Donald Trump is Satan. He has blinded us to his reality and only good men in MAGA can stop him.
America can only be saved if the Great Scam of Donald Trump can be stopped. He has persuaded mega millions of Americans, whose lives are excellent by any standards, to elect him or terrible, fantastic things will happen to them, to me, to us. Think of that! Everybody’s pretty much okay. America has faced dozens, even hundreds, of problems more difficult than these we are living with right now, and we have overcome all of them. Nothing is wrong! And yet he has persuaded millions that unimaginable horrors will befall them if they don’t choose him to stop these fantasies from happening. That message uttered by a human is the embodiment of Satan and we must now reach out to his acolytes, beseeching them to stop him.
I know who the MAGA guys are. Like them, I’m a white male. I grew up with them in a neighborhood that was transformed from all-white to all-black in what seemed like overnight as the injustice it flaunted was trampled by the justice that was long overdue. I went off to college one day in late August and when I came home for Thanksgiving, Mom and Dad lived in another part of town.
One block at a time, one day at a time, a house was sold by a white family who couldn’t pass up the great offer they got from a black family, and before the black family even moved in everybody else in the block wanted out because the price they could get was more than they could ignore, or because nobody white wanted to live in a block with blacks, or both. Looking back across all these decades I am befuddled that there weren’t effective efforts to assuage the emotional pain of all that. But all I can recall is billboards that screeched “Impeach Earl Warren!” He was the Chief Justice of the Supreme Court, recently appointed by the Republican President Dwight Eisenhower. Earl Warren was the man who oversaw the decisions that declared all that upheaval to be both right and proper.
My neighborhood, Louisville’s West End in the 1940s and 1950s, could be the poster place for the MAGA slogan of Make America Great Again whose adherents this week threaten the survival of America’s democracy and its rule of law. The boys I grew up with, specifically the 168 graduates of the all-boys and all-white 1954 Class of Flaget High School, now way fewer than half that number, meet annually to this day in a nostalgic reminiscence of how good we had it back then. What we attain as we meet is as much a healthy tribute to the good old days as it is a sad case of arrested development. Not long ago the money managers of the class announced a surplus of a few thousand dollars that was met by a proposal that the surplus be given to the Trump campaign. The proposal was defeated, but it was close.
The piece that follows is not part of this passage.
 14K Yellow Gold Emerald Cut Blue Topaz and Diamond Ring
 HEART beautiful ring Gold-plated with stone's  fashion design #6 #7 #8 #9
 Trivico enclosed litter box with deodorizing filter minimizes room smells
I have persistently, annoyingly, made the case across these long years that we white Americans brought this on ourselves by engaging in the crime of slavery that was never called a crime and therefore was never adjudicated. Adjudication is a very good step in the rule of law. It settles the question and applies sentences and reparations if guilt is determined. (Yes, I know of the Appeals Process but this is a diatribe of another color and not a class in Judicial Procedure.) I steadily say to stone-deaf ears and hate-filled glares that now the only way to put it all behind us so we can build a better America is to admit our part in the guilt that endures because we ignore its reality. As I have made this case to members of the Flaget Class of 1954, who say they didn’t do anything wrong, I remind them of the Minstrel Show we proudly produced in our Senior year with the compliant support of our faculty. One of our classmates played Mr. Interlocutor in blackface.
Still, in recognition of the special characteristics of the neighborhood that enhanced and enabled the lives we lived back then, there is this mixed report to be made about life in the West End of The Ville back in the day.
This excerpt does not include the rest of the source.